When most fans of the ol' B western think of singing groups, the first that comes to mind are the Sons of the Pioneers.  Through scores of films at Columbia and Republic, they entertained us with some great music.  In addition to their music, some or all of the group often portrayed helpers to Roy Rogers and Charles Starrett.  Hope these photos bring back some fond memories.

Bob Nolan, Roy Rogers (Leonard Slye) and Tim Spencer formed a trio in the early 1930s, and the group matured and expanded into the Sons of the Pioneers, probably the most influential of the B western singin' groups.  Some folks have asked why the SOP left the Roy Rogers films (and were replaced by Foy Willing and the Riders of the Purple Sage).  Apparently, both Bob Nolan and Tim Spencer were tired of the touring, and Spencer had a publishing business to maintain.  They both decided to exit at or around the time that the SOP contract with Republic was ending.  The story also goes that their replacement, the Riders of the Purple Sage, were less expensive to Republic than the SOP.  Of the original Sons of the Pioneers, Roy Rogers was the last surviving member, and he passed away in 1998.

The predominant SOP members during their 1930s and 1940s work in B-westerns were:

Roy Rogers (Leonard Slye) - born in Cincinnati, Ohio, November 5, 1911; died July 6, 1998
Bob Nolan (Clarence Robert Nobles) - born in Winnipeg, Manitoba, April 13, 1908 (not the oft reported New Brunswick, Canada, April 1, 1908); died June 15, 1980
Vernon Harold 'Tim' Spencer - born in Webb City, Missouri, July 13, 1908; died April 26, 1974
Thomas Hubert 'Hugh' Farr - born in Llano, Texas, December 6, 1903; died March 17, 1980
Lloyd Wilson Perryman - born in Ruth, Arkansas, January 29, 1917; died May 31, 1977
Karl Farr - born in Rochelle, Texas, April 25, 1909; died September 20, 1961
Pat Brady (Patrick O'Brady) - born December 31, 1914; died February 27, 1972

Over the years, there were a variety of other members (including Ken Carson, George 'Shug' Fisher, Tommy Doss, Doye O'Dell, Deuce Spriggens, and Ken Curtis ("Festus" on TV's GUNSMOKE)).

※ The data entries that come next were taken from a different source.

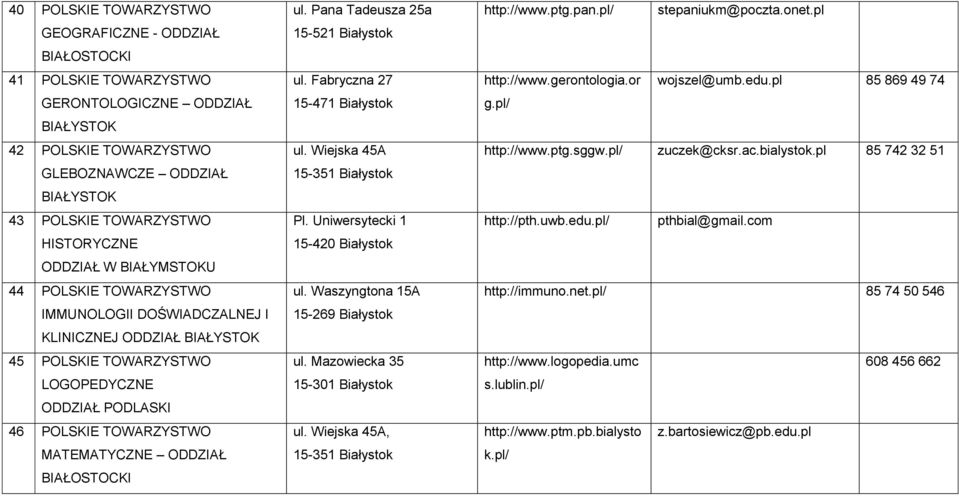 Pana Tadeusza 25a 15-521 Białystok ul. Fabryczna 27 15-471 Białystok ul. Wiejska 45A 15-351 Białystok Pl. Uniwersytecki 1 15-420 Białystok ul. Waszyngtona 15A 15-269 Białystok ul.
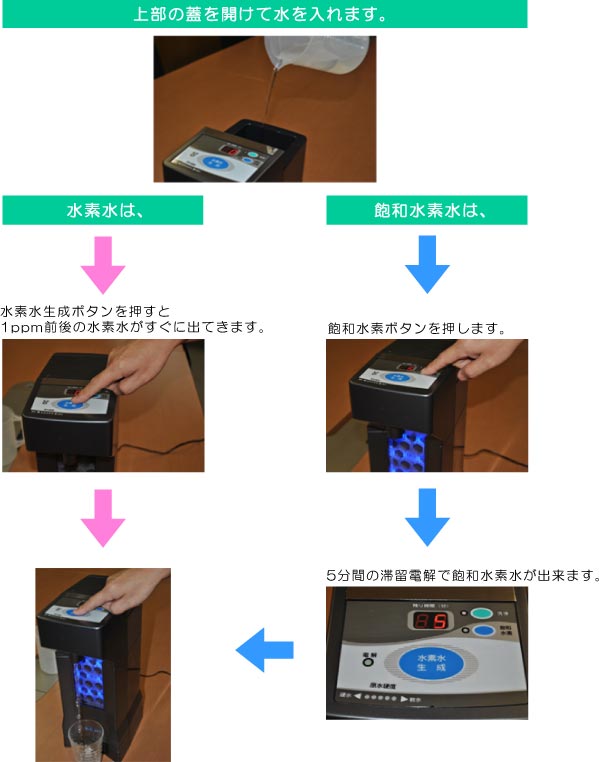 飽和水素水生成機 アキュエラブルーの修理、保守承ります。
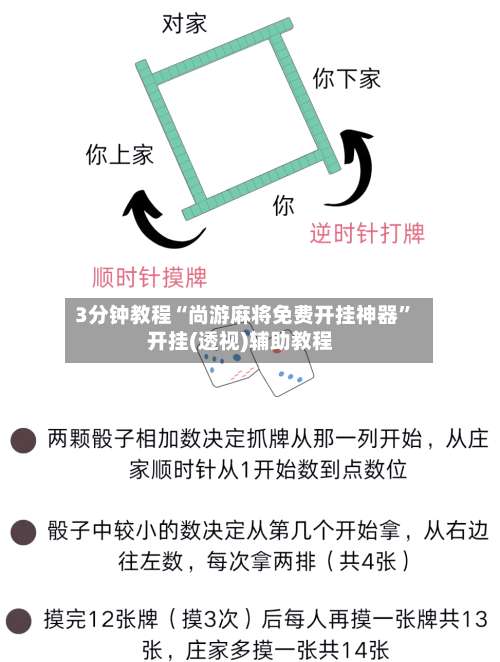 3分钟教程“尚游麻将免费开挂神器”开挂(透视)辅助教程-第1张图片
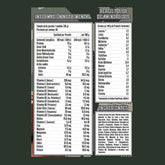 Whey Gold Star 5lbs - Army Nutrition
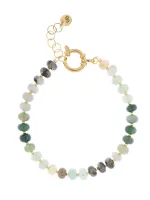 Gemstone_armband_groen_melee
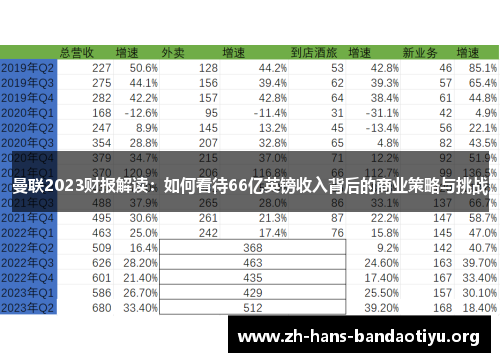曼联2023财报解读：如何看待66亿英镑收入背后的商业策略与挑战
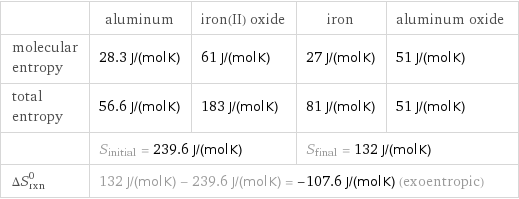  | aluminum | iron(II) oxide | iron | aluminum oxide molecular entropy | 28.3 J/(mol K) | 61 J/(mol K) | 27 J/(mol K) | 51 J/(mol K) total entropy | 56.6 J/(mol K) | 183 J/(mol K) | 81 J/(mol K) | 51 J/(mol K)  | S_initial = 239.6 J/(mol K) | | S_final = 132 J/(mol K) |  ΔS_rxn^0 | 132 J/(mol K) - 239.6 J/(mol K) = -107.6 J/(mol K) (exoentropic) | | |  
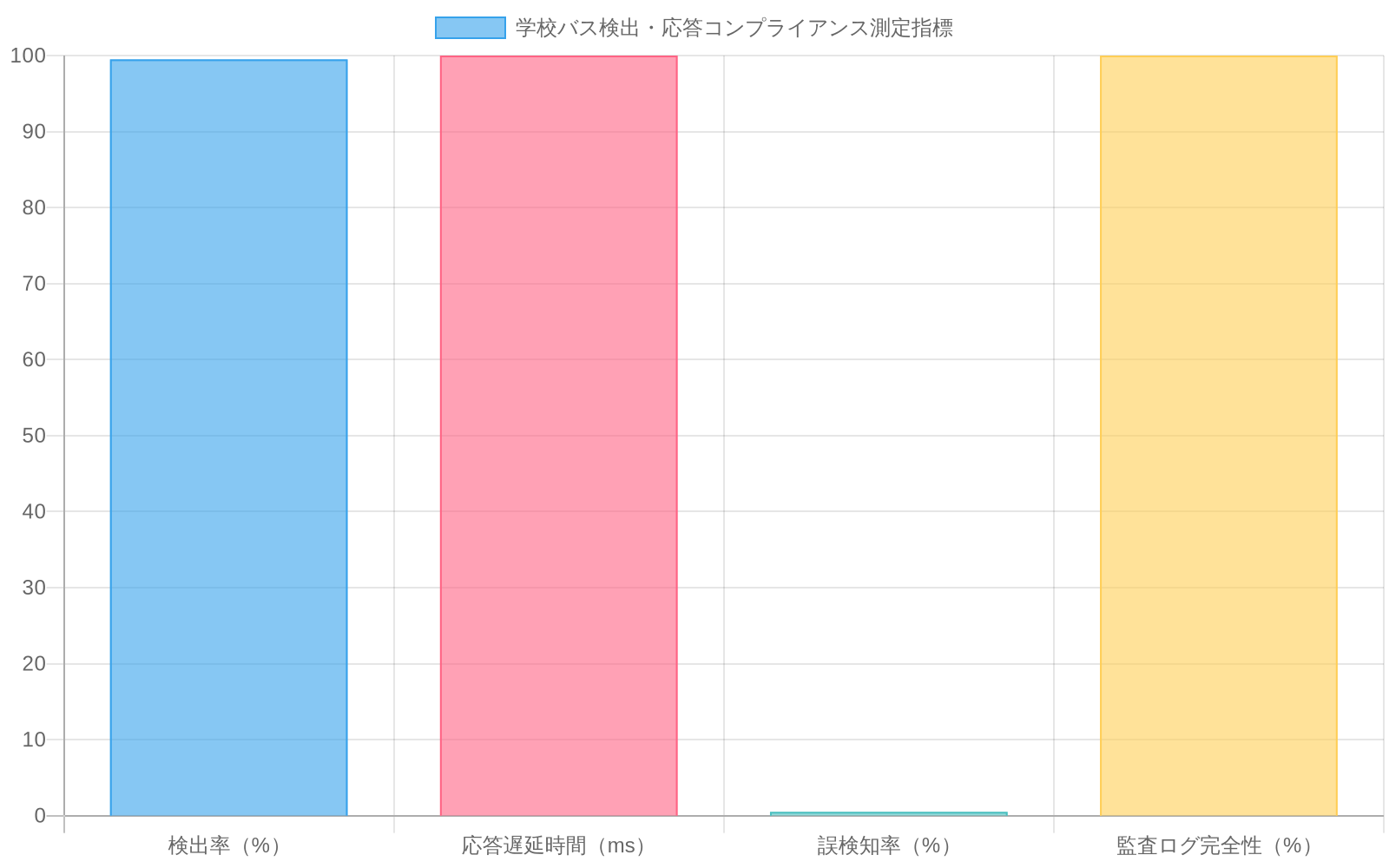 学校バス検出・応答コンプライアンスの4つの測定指標について、目標値と現状値を比較した棒グラフ。検出率は目標99.5%に対し現状98.2%、応答遅延時間は目標100msに対し現状145ms、誤検知率は目標0.5%に対し現状1.2%、監査ログ完全性は目標100%に対し現状99.8%を示している。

The SOP also worked on radio programs such as their LUCKY U RANCH show which aired from about 1951-53 (in early 2002, a CD titled Sons of the Pioneers - Memories of the 'Lucky U' Ranch was issued on the Jasmine label). Another example is the syndicated Dr. Pepper sponsored 10-2-4 RANCH which aired in the 1940s, and the star was Dick Foran, Dave "Tex" O'Brien of the PRC Texas Rangers, and songstress Martha Mears. There's complete or abbreviated broadcasts available of this program from years 1943-44-45.

Texan Doug Bruton recalled seeing the Sons of the Pioneers: "In 1950, I had moved to Houston to live with my Dad. I found out that the Sons of the Pioneers were going to be downtown at the theater with the film WAGON MASTER. I skipped school and went to see the show. After they performed on stage, I ran around to the stagedoor and followed them up the street and asked a bunch of what I am sure were silly questions. They really treated me nice, with patience and courtesy. They answered all of my queries and let me walk with them at least three or four blocks before going in to their hotel. Those are memories you always cherish. Ken Curtis was singing with them at the time and also Tommy Doss."

(Courtesy of Ed Phillips)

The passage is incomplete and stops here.